RECORDED DATA
:::::

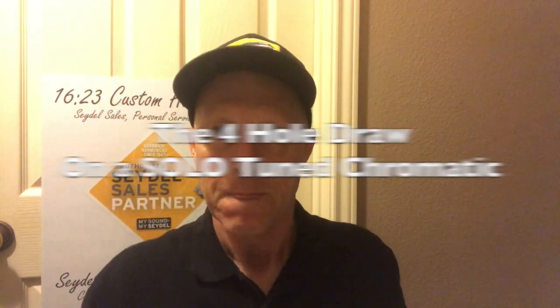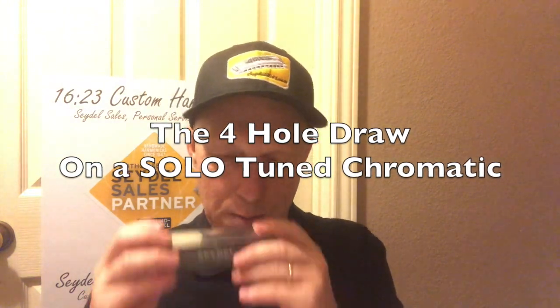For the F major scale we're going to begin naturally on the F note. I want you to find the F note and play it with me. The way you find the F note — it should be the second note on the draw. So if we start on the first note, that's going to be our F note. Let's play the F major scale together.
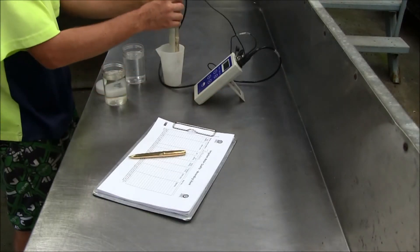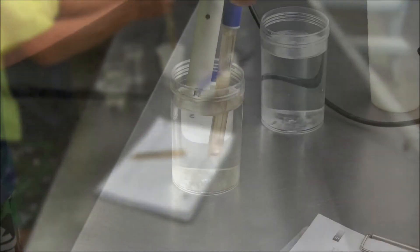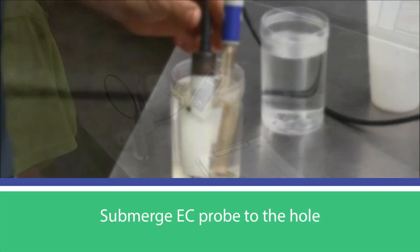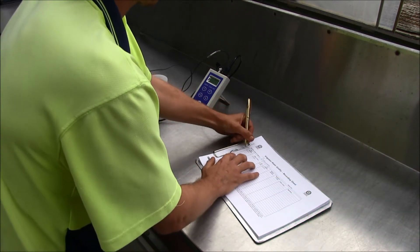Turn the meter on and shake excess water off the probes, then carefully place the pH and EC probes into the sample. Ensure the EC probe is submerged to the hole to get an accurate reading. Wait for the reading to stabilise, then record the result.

:::::

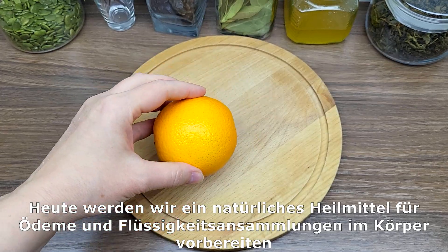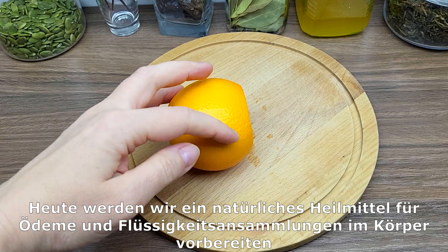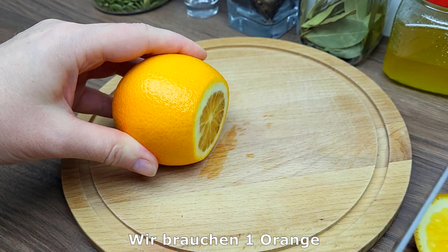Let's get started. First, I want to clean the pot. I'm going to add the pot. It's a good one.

:::::

From the listing above, please give again the lines that begin with the line holding "For the F major" and go on through the line holding "Turn the meter", exactly, both ends included, minus any picture.

EXERCISE RESULT
For the F major scale we're going to begin naturally on the F note. I want you to find the F note and play it with me. The way you find the F note — it should be the second note on the draw. So if we start on the first note, that's going to be our F note. Let's play the F major scale together.
Turn the meter on and shake excess water off the probes, then carefully place the pH and EC probes into the sample. Ensure the EC probe is submerged to the hole to get an accurate reading. Wait for the reading to stabilise, then record the result.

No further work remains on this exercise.